Syncona net asset value drops in first half


Investor in the health sector Synchronous reported net assets of £1.15bn at the end of its first half on Thursday, or 171.7p per share, from £1.3bn or 193.8p per share at the end of March.

The FTSE 250 company said it delivered a total net asset value return of -11.4% for the six months ended September 30, mainly due to lower share prices of two of its listed holdings. , Freeline Therapeutics and Achilles Therapeutics.

He said Freeline had encountered operational challenges as a result of the Covid-19 pandemic, with those now resolved and the company resetting its clinical studies.

Achilles, meanwhile, has seen its share price impacted by market sentiment toward cell and gene therapies.

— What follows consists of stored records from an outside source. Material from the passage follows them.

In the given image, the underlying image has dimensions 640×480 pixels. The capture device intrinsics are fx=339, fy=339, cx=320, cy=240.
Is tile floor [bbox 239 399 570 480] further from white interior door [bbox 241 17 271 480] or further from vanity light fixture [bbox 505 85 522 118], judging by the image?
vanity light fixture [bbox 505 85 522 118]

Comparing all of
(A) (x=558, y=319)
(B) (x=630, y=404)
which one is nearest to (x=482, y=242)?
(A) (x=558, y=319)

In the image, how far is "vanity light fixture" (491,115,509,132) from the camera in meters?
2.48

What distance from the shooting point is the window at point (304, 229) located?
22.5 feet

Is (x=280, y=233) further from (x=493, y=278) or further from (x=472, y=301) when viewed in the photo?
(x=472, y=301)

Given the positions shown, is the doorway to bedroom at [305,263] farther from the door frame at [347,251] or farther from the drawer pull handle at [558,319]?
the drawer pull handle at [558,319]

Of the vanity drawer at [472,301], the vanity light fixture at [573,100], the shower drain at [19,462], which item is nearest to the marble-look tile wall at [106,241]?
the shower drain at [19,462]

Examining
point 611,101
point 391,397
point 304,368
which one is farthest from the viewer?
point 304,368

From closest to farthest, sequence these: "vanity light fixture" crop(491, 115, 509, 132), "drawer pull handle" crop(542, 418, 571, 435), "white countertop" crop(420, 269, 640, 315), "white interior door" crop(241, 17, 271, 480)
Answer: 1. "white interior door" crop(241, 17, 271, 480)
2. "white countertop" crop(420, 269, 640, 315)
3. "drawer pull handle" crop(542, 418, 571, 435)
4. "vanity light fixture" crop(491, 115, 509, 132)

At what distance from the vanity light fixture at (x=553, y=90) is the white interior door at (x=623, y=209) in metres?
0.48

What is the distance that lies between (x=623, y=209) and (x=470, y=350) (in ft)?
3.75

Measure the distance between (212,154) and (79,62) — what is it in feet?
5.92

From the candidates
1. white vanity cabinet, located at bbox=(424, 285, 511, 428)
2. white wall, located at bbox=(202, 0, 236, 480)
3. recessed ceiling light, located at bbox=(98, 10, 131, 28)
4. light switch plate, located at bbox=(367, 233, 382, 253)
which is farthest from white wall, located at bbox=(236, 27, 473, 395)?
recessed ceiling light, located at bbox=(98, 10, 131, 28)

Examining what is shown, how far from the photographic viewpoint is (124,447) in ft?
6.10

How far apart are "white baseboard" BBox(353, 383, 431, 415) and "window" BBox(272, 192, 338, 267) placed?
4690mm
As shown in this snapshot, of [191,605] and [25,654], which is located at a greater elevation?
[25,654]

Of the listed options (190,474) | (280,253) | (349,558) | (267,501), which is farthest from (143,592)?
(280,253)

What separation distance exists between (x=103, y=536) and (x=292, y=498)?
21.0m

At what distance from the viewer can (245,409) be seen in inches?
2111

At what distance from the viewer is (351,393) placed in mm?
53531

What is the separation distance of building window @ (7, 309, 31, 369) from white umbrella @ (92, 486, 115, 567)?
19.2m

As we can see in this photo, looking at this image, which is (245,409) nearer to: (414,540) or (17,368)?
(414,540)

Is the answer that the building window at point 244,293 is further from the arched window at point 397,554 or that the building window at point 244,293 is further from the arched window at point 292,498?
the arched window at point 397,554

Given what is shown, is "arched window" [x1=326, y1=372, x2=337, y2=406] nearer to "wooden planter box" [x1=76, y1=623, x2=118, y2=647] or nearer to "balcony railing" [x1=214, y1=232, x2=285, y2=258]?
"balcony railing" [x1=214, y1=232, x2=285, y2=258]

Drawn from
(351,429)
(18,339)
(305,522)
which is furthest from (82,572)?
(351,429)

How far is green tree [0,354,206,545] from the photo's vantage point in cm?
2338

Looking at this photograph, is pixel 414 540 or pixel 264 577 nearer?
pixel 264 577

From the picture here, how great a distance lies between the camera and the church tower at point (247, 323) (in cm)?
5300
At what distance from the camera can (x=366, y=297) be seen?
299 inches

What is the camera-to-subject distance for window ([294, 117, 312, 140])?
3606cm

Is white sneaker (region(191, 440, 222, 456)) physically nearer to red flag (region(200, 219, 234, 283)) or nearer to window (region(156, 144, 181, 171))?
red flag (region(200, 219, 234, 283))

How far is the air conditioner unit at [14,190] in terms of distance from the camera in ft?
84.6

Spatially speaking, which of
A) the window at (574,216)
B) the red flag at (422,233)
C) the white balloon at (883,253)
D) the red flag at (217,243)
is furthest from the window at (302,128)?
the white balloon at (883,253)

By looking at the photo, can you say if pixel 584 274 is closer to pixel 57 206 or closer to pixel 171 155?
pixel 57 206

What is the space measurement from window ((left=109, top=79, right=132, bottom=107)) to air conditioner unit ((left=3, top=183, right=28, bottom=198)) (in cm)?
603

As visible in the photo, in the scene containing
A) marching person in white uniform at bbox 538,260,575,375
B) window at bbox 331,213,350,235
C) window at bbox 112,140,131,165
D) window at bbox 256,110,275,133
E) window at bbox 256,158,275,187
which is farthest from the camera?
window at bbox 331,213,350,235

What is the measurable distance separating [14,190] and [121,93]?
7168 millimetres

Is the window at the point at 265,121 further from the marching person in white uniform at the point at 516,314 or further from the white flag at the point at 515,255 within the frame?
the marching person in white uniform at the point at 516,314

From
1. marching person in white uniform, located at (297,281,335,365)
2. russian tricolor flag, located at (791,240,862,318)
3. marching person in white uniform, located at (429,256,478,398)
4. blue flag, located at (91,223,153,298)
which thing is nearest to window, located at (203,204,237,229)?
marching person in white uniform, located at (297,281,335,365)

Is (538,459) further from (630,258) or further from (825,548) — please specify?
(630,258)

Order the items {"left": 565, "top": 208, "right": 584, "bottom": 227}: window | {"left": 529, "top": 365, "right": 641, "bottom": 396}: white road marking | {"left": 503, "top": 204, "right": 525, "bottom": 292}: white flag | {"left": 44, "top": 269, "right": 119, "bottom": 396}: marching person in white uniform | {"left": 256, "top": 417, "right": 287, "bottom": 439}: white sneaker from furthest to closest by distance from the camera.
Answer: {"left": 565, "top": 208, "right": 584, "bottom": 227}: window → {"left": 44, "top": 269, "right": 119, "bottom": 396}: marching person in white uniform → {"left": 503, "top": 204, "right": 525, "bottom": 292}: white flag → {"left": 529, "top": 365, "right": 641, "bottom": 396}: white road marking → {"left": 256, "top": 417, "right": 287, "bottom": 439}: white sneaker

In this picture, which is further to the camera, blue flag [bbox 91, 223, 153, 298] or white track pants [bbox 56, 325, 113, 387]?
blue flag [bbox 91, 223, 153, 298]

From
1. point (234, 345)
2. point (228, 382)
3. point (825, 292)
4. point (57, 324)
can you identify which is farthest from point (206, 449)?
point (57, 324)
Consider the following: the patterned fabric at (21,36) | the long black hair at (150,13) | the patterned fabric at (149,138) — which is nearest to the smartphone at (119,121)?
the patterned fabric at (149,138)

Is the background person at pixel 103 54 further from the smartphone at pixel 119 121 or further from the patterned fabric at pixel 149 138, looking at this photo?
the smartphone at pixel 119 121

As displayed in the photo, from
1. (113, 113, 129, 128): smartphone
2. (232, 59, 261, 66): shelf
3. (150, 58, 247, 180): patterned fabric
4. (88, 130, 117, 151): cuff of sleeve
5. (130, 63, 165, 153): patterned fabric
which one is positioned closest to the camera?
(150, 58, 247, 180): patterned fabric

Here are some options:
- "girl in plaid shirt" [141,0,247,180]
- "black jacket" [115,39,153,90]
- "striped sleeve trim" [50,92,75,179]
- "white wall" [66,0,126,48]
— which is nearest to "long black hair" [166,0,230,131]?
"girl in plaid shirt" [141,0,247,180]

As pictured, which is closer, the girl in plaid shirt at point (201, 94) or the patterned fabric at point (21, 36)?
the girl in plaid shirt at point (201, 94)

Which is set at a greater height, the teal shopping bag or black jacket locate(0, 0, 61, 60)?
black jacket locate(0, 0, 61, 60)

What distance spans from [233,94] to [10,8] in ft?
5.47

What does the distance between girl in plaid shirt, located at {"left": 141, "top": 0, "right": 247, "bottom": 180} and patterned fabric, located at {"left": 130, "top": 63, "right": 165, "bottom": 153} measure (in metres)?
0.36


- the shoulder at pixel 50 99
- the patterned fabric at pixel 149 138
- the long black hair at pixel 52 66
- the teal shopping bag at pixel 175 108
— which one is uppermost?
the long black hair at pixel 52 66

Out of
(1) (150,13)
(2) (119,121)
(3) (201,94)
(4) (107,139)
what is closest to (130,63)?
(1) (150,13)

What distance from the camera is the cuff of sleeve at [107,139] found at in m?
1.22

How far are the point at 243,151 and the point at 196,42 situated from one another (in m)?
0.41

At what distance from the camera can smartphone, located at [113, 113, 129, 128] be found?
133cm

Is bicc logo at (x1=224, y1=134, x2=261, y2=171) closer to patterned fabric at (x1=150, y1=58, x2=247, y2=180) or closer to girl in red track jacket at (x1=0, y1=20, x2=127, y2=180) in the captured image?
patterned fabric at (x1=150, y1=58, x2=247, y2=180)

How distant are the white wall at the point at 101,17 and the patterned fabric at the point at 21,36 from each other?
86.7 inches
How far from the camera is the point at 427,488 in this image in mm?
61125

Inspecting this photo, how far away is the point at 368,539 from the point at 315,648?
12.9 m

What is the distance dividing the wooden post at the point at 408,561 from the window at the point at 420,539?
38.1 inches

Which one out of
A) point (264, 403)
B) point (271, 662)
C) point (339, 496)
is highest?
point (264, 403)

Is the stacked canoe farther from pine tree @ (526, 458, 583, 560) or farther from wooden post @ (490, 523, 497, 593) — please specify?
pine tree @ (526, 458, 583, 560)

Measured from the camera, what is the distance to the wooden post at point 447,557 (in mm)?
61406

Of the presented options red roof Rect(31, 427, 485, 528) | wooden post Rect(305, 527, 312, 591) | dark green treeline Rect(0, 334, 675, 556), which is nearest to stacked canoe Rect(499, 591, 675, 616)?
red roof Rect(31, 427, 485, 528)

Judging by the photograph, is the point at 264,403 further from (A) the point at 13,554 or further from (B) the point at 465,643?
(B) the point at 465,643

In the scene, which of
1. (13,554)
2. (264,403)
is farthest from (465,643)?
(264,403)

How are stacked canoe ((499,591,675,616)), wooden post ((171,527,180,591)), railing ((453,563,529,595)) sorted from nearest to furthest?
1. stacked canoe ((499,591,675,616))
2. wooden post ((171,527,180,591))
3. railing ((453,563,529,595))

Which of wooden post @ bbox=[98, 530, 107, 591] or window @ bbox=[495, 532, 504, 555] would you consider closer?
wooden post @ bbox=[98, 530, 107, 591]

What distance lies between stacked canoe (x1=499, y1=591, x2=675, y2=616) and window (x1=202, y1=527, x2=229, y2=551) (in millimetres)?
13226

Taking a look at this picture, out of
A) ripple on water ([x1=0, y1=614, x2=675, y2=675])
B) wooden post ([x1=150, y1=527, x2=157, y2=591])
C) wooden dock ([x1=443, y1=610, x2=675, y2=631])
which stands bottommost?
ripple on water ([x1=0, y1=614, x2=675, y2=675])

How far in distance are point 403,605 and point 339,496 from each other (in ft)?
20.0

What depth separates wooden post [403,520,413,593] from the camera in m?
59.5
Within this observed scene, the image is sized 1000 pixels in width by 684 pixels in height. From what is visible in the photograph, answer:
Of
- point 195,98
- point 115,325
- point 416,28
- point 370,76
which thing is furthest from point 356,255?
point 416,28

Syncona said its view was that the business was performing well and performing on schedule.

Continued operational progress was reported across the portfolio, with ‘decisive actions’ taken by a number of Syncona’s portfolio companies during the period.

Chris Hollowood, CIO of Syncona and Chairman of Freeline, was “closely engaged” with the Freeline Board as it updated its management team, while Syncona CEO Martin Murphy took on the role. as President of Autolus Therapeutics, working with his Board of Directors to ensure the company was focused on delivering the pivotal “AUTO1” study.

Positive clinical progress has been made at five clinical-stage companies, with additional encouraging durability data on Autolus’ lead therapeutic candidate AUTO1 for adult acute lymphoblastic leukemia (ALL).

At Gyroscope Therapeutics, additional positive interim data in its “FOCUS” Phase 1 and 2 trial for the treatment of advanced dry age-related macular degeneration (AMD) has been reported, while at Freeline, the second patient has received a dose in its second clinical program for Fabry Disease.

After the end of the period, Freeline announced encouraging patient data, while enrollment began in its preliminary study for the Phase 1 and 2 dose confirmation study in hemophilia B.

At Achilles, continued progress has been made in ongoing Phase 1 and 2a studies in non-small cell lung cancer (NSCLC) and melanoma, with patients being recruited into a higher dose process, while at Anaveon, the first patient was dosed in a phase 1 and 2 study of ANV419, a selective interleukin-2 (IL-2) agonist with the potential to target cancer; several patients have now been dosed in the study.

Syncona said the “next generation” of companies are poised to enter the clinic, with Quell Therapeutics still on track to enter the clinic with its lead liver transplant program in Q1 2022, while SwanBio Therapeutics has begun a natural history study evaluating patients to assess the course of adrenomyeloneuropathy (AMN).

Since the end of the period, SwanBio has released encouraging preclinical data for its lead program as it remained on track to enter the clinic in calendar year 2022.

Syncona said it continued to deploy its strategic capital base in line with deployment guidelines, with £50.8m deployed during the period, its capital base standing at £534.9m at the end of the period on September 30.

$30m (£21.7m) had been committed to Clade Therapeutics, a ‘next generation’ stem cell therapeutics business.

Since the end of the period, the firm’s portfolio companies continued to attract “substantial” capital from long-term investors and businesses, accessing $397 million year-to-date, of which $30 million dollars committed by Syncona.

“Syncona has always taken a hands-on partnership approach to supporting our businesses as they progress through key clinical, financial and operational milestones,” said Managing Director Martin Murphy.

“This has been particularly important in recent months, when our portfolio companies have had to take decisive action to solve problems and adapt to specific challenges, some of which are inherent in clinical development.

“While we are disappointed with the decline in net asset value over the period, we continue to build a diversified portfolio across the development cycle and therapeutic areas and remain confident in the potential of our companies.

Murphy said the “substantial capital” a number of companies had accessed so far this year validated the “significant opportunity” before them.

“With clinical data being the primary driver of value and risk for Syncona, we believe our businesses are well positioned and on track to further validate our model and strategy over the next 12 months with the potential for a rich data source.

“In addition to supporting our existing businesses, our team of experts and strategic capital means we will be able to continue to build exciting businesses around highly innovative science, with the potential to make a transformational difference in lives. patients and deliver significant value to our shareholders.”

At 09:12 GMT, Syncona shares were down 1.46% at 202.5p.